Required action
Go to the line below that has "What Advice Would", print it and each line after it exactly, and stop after the line that has "Wired for Sound"; leave out pictures.

(Source records)
┄┄┄┄┄┄

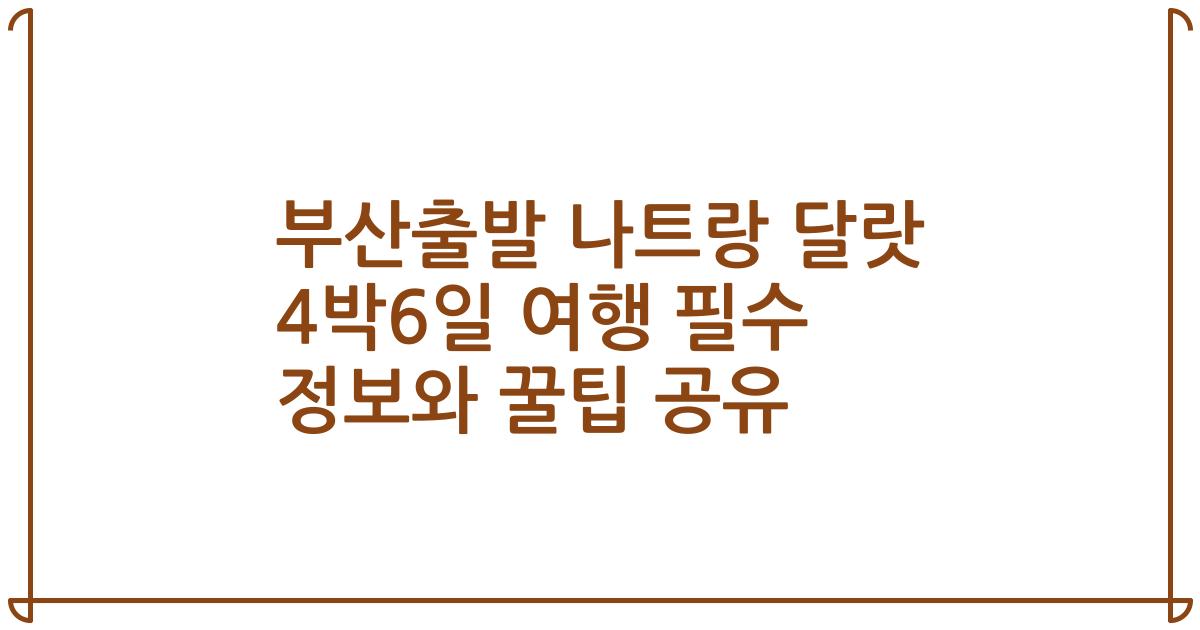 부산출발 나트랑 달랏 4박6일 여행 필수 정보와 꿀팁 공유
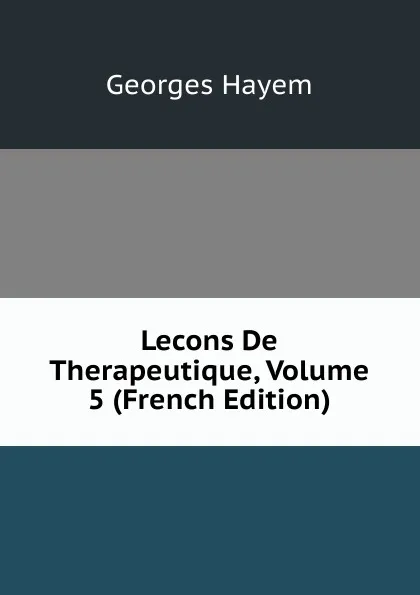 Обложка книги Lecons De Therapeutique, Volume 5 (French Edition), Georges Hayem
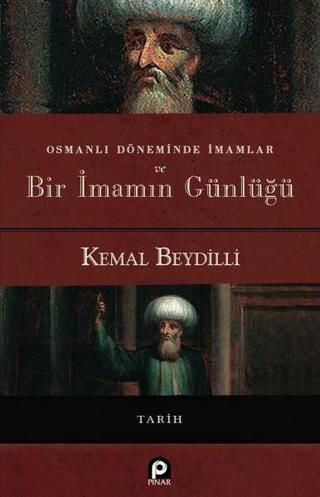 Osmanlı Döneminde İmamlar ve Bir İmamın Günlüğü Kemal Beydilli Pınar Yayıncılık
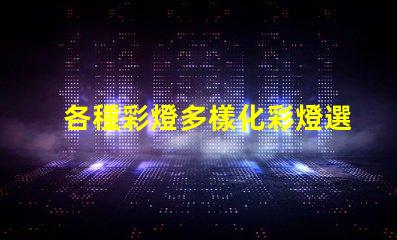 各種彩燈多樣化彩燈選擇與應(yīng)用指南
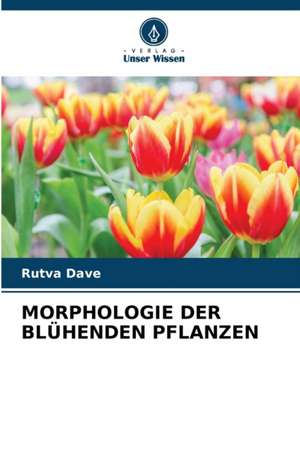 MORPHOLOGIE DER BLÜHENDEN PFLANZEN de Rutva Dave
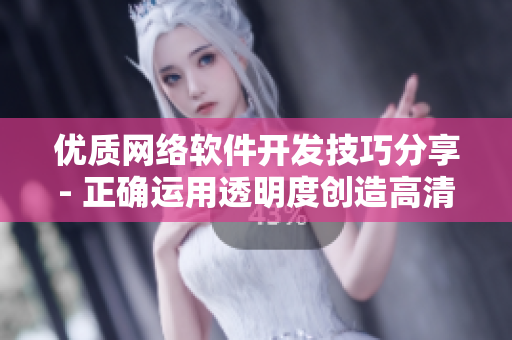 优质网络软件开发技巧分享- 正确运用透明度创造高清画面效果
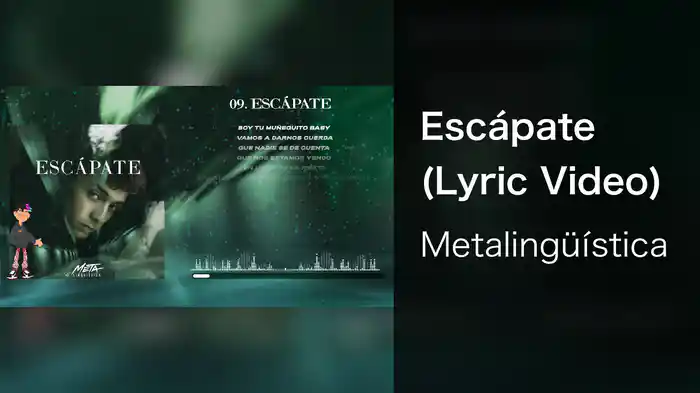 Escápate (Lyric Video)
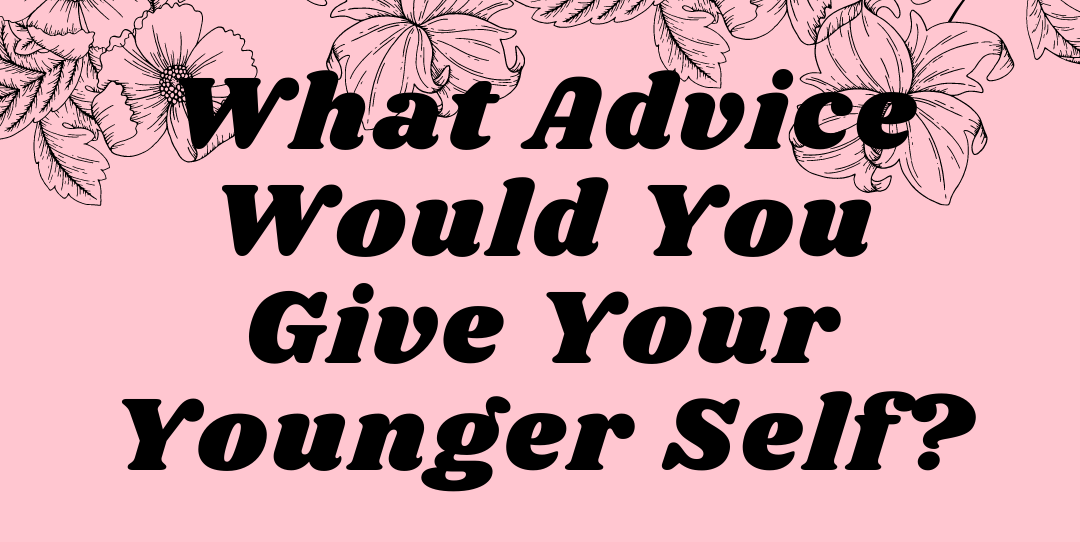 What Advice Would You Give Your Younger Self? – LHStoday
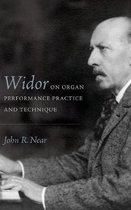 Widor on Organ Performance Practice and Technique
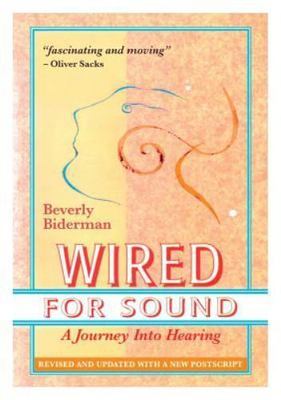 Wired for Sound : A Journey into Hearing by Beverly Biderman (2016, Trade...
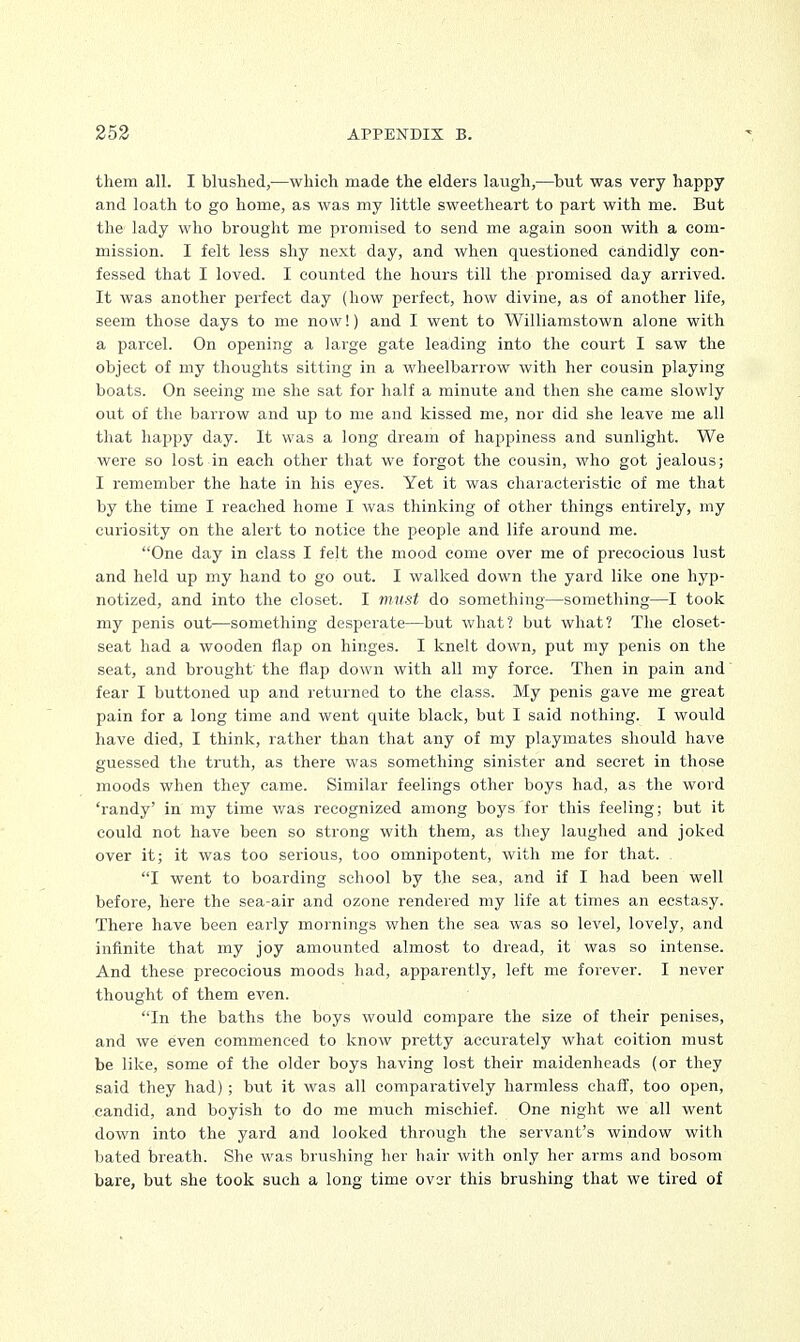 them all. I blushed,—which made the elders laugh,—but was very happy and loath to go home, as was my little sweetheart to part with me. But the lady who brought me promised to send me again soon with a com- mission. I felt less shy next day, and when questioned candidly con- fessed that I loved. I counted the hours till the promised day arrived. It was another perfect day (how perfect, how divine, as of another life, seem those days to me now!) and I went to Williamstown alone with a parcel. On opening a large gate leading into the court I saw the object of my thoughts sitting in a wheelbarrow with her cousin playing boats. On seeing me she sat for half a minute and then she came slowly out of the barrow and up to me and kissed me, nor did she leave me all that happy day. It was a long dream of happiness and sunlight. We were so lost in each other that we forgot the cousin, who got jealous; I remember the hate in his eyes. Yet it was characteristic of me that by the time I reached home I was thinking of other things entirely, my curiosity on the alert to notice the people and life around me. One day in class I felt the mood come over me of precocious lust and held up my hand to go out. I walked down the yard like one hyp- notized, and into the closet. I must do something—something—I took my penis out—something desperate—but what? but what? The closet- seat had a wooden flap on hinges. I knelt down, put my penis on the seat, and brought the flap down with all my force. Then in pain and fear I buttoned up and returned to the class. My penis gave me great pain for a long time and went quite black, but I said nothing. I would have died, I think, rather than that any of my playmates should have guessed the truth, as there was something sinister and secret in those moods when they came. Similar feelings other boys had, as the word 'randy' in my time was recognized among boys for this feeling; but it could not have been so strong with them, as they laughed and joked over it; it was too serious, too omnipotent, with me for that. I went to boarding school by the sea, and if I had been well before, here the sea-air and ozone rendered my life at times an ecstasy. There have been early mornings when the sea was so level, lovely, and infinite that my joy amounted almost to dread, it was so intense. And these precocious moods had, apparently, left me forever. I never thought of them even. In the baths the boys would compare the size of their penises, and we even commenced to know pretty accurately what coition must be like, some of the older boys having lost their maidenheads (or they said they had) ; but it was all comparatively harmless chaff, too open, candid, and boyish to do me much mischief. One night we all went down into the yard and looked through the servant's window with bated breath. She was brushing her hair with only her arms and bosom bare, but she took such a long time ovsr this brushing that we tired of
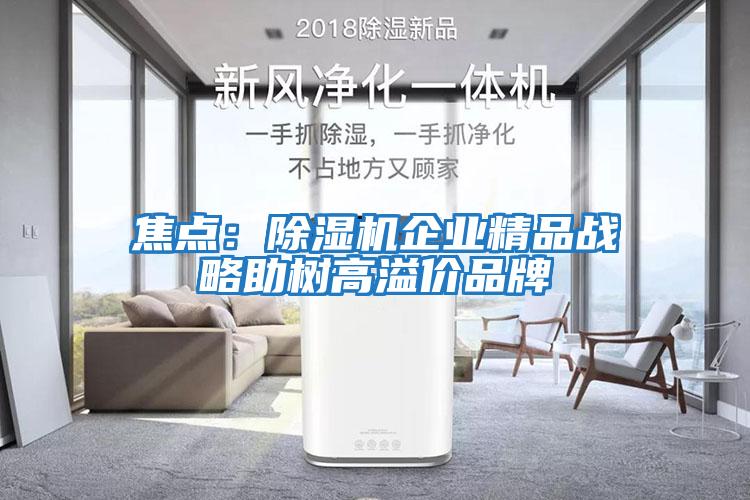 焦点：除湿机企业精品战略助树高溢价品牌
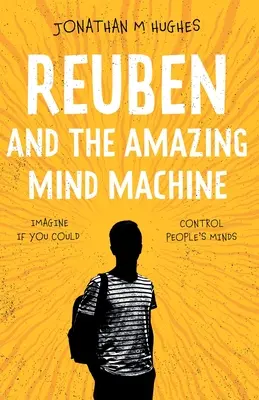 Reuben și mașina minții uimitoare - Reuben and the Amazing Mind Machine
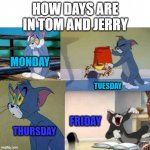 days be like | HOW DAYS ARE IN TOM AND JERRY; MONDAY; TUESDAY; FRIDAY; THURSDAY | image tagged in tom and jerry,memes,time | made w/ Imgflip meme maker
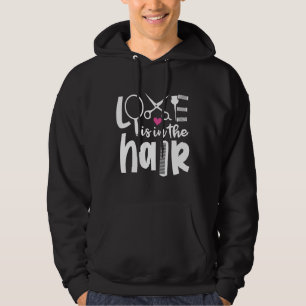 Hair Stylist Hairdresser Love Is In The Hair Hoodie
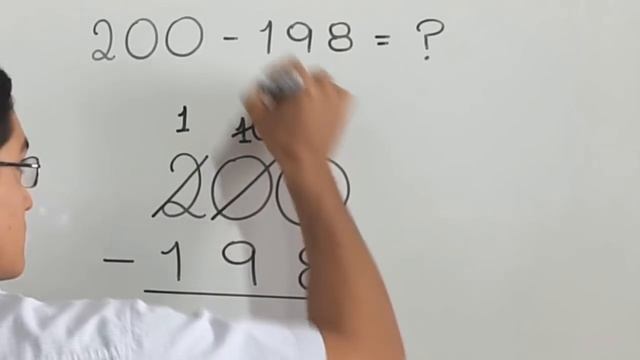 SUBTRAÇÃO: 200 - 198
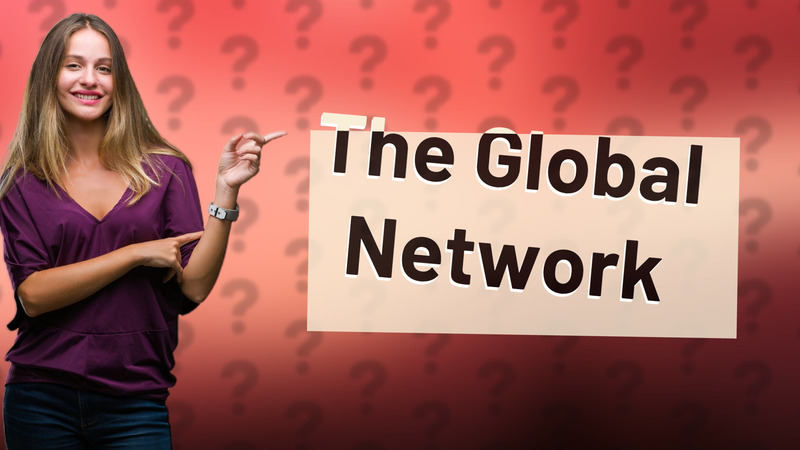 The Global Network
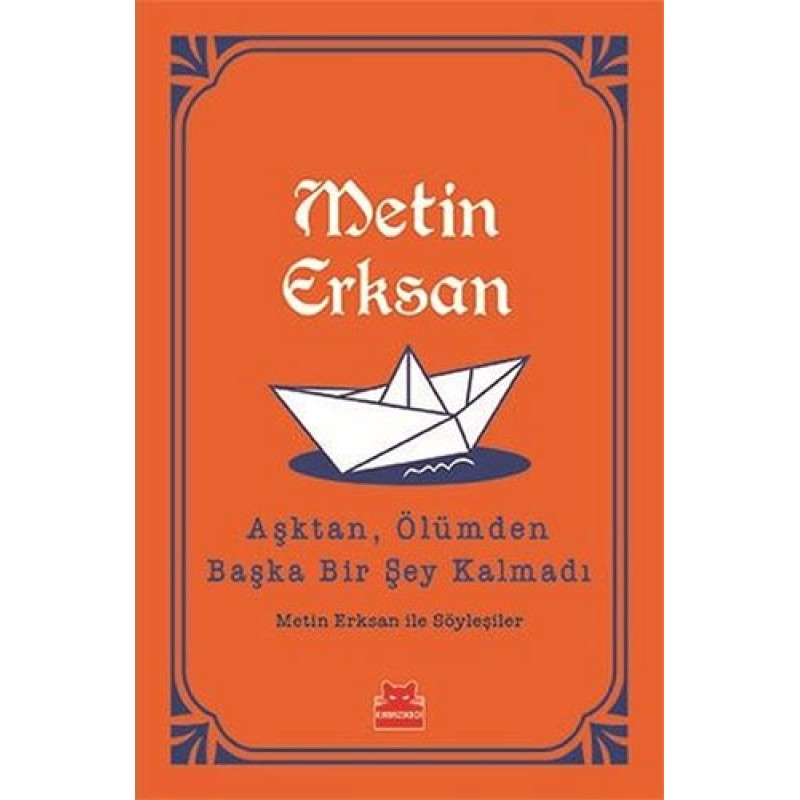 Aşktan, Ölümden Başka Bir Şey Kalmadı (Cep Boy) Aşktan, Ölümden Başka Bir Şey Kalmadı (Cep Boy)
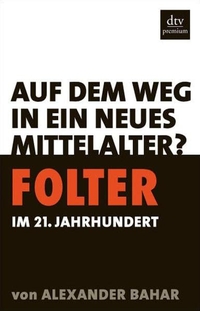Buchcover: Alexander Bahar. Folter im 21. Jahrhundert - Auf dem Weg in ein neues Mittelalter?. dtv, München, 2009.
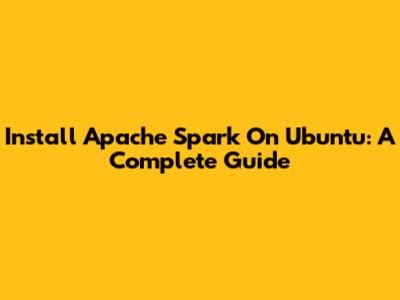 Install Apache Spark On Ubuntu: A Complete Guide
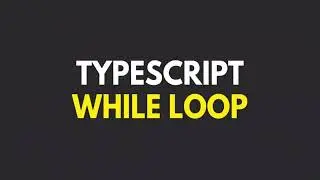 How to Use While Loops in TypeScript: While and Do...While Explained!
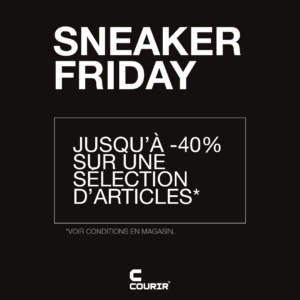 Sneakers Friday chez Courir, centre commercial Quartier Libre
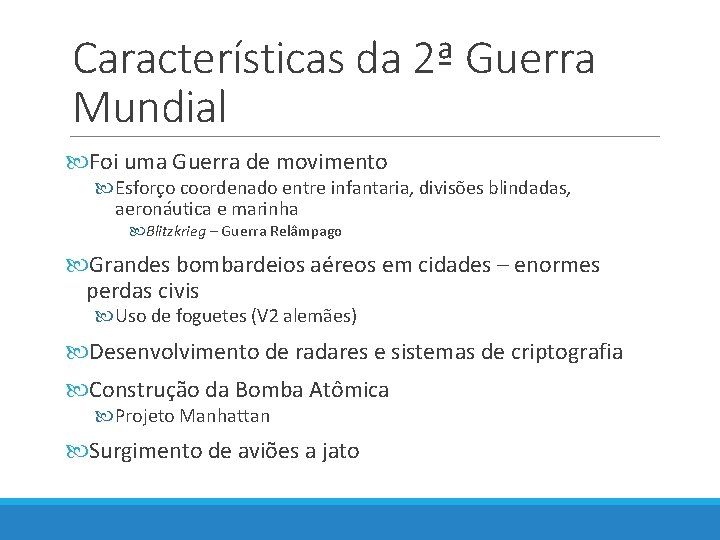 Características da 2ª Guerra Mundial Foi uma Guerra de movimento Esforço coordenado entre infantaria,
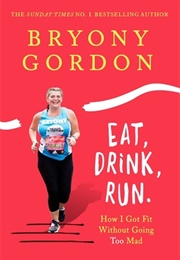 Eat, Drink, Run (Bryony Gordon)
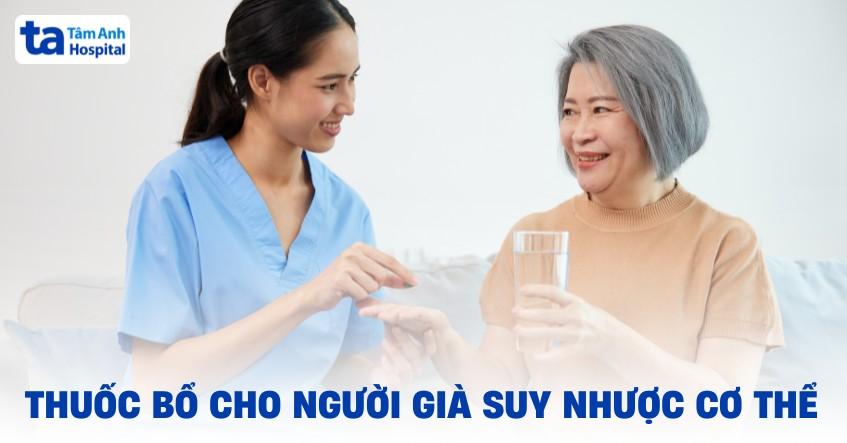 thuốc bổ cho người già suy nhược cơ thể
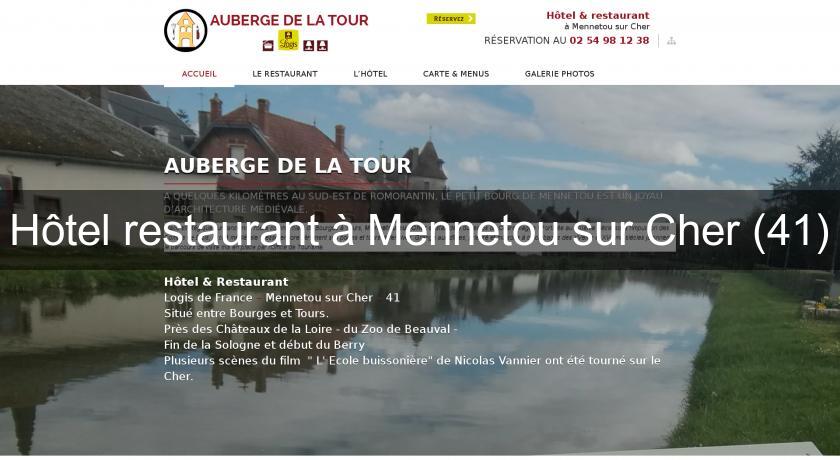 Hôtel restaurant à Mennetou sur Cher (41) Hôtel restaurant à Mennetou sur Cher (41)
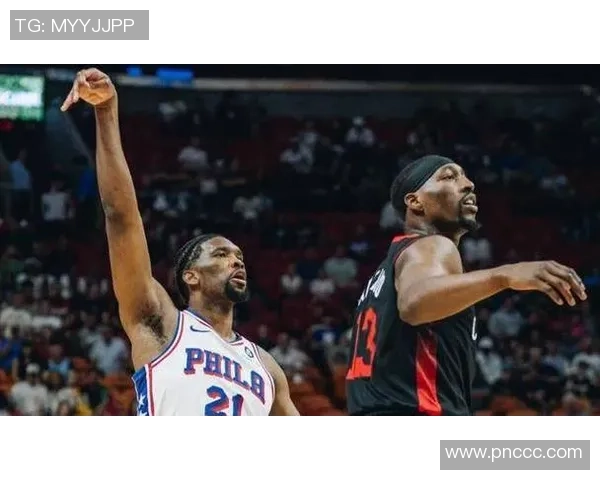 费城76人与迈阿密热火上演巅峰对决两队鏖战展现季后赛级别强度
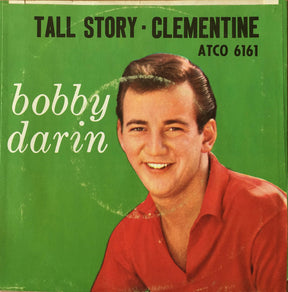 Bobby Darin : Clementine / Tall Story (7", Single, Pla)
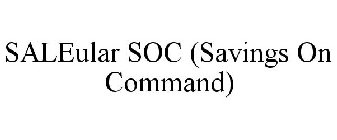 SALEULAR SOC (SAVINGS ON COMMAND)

┄┄┄┄┄┄

Solution for this exercise
 What Advice Would You Give Your Younger Self? – LHStoday
 Widor on Organ Performance Practice and Technique
 Wired for Sound : A Journey into Hearing by Beverly Biderman (2016, Trade...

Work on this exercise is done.